While you need to know what makes you desir­able to your cus­tomers, who are your cus­tomers? The way you talk about your­self should be catered to those who will lis­ten. We’re all famil­iar with cus­tomer demo­graph­ics, so does your website’s con­tent take that into con­sid­er­a­tion? You can’t answer “is this good for my vis­i­tors” if you don’t know who they are. Don’t make assump­tions, though. Just because you cater to an older crowd doesn’t mean they don’t use the internet.

• Be proud of your site’s content!

Some busi­ness own­ers or inter­net man­agers under­stand that text is impor­tant for search engines, but believe that their vis­i­tors don’t read it. This leads some deal­ers to hide their text with small scroll boxes or col­ored text that looks very sim­i­lar to the back­ground color. It turns out, your vis­i­tors not only read the text, but they use the text to under­stand more about you! They view your web­site not as a col­lec­tion of col­or­ful but­tons, but as read­able text that has but­tons. There­fore, if you feel uncom­fort­able with your con­tent then get it changed so that you are com­fort­able. You should be proud of that web­site, because that web­site rep­re­sents you! Work with your SEO spe­cial­ist specif­i­cally to improve the mes­sage that’s being put out on the inter­net on your behalf.
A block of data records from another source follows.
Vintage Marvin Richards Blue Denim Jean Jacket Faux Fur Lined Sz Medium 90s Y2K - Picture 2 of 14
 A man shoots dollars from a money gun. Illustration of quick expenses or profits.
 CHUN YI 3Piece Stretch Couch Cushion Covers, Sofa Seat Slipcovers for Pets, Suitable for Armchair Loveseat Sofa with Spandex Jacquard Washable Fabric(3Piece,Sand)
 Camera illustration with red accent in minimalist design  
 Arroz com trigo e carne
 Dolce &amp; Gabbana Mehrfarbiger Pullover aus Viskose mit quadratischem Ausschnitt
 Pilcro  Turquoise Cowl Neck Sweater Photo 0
• Just because you don’t rank for a term, doesn’t mean that term is necessary

Lastly, while you should be proud of your con­tent, don’t expect your site to dom­i­nate in rank­ings for any term you can think of. Just like you have demo­graphic cus­tomers, so too do search terms. Based on the research and analy­sis we con­duct on the thou­sands of web­sites we opti­mize in Cobalt, we have seen search terms like [Chevro­let] rep­re­sent vis­i­tors who are research­ing rather than pur­chas­ing. If they do get to your site, they’re not likely to sub­mit a lead or visit your store. Those searchers are high fun­nel vis­i­tor. How­ever, a vis­i­tor who searched for [Chevro­let dealer in Arling­ton, VA], for exam­ple, is more likely inter­ested in what makes you worth vis­it­ing your store in per­son – a highly qual­i­fied and low fun­nel visitor.